BEGIN Dataset extract

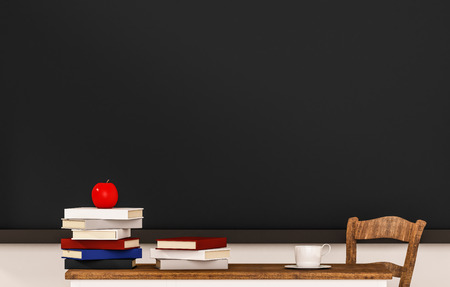 Classroom, books, apple, coffee cup, table, chair and blackboard, with copy space, 3d renderedの写真素材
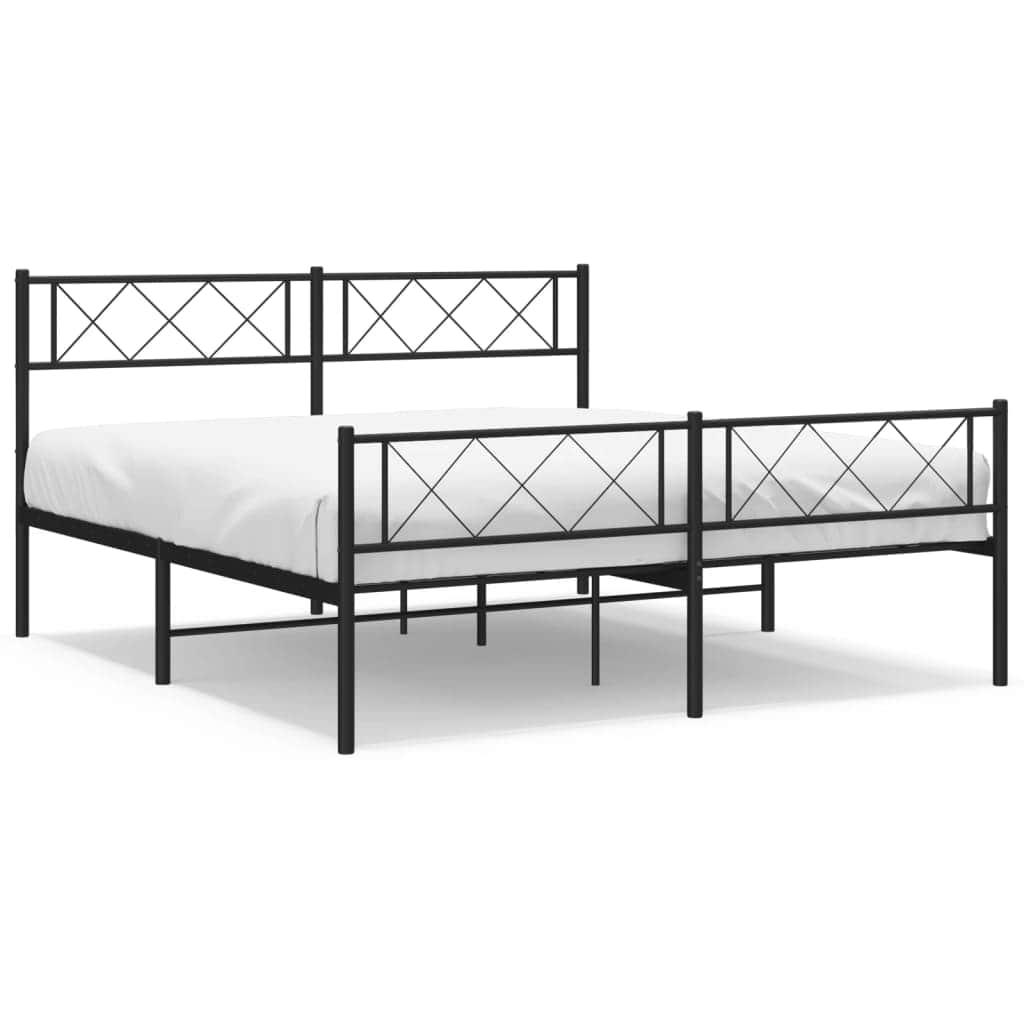 Metal Bed Frame with Headboard and Footboard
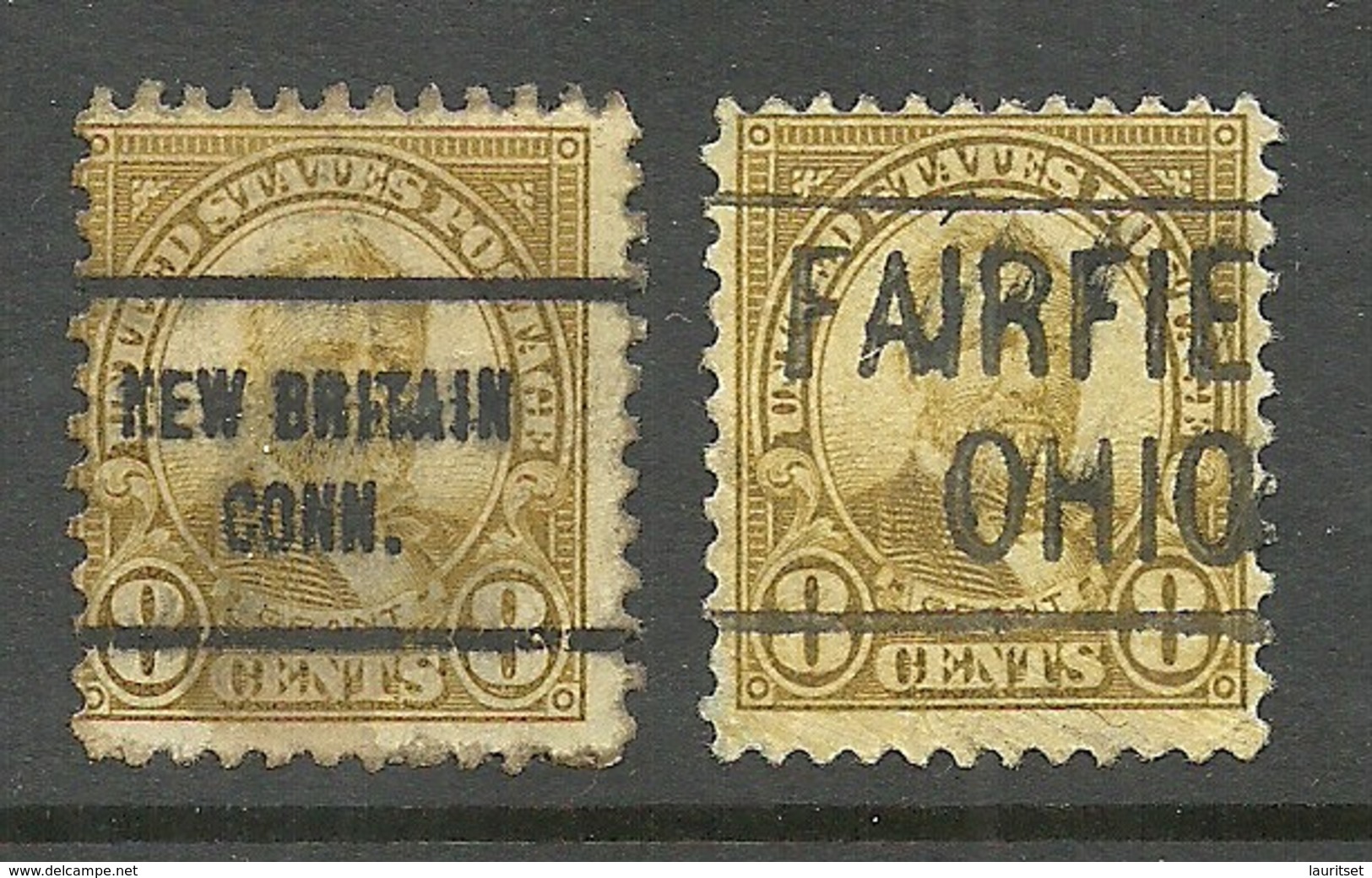 USA 1922/27 - 2 Pre-cancels - New Britain & Fairfield - On President Ulysses Grant Stamp 8 C. Mi 270 - Precancels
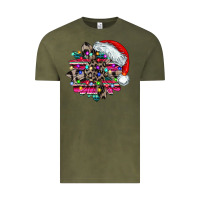 Vintage Olive serape and leopard christmas Vintage Tee - CowhideDigitalArt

END Dataset extract

→ **Exercise details**
In transcribing the material above, reproduce each line exactly and include none of the pictures.

→ **Problem solution**
 Classroom, books, apple, coffee cup, table, chair and blackboard, with copy space, 3d renderedの写真素材
 Metal Bed Frame with Headboard and Footboard
 USA 1922/27 - 2 Pre-cancels - New Britain & Fairfield - On President Ulysses Grant Stamp 8 C. Mi 270 - Precancels
 Vintage Olive serape and leopard christmas Vintage Tee - CowhideDigitalArt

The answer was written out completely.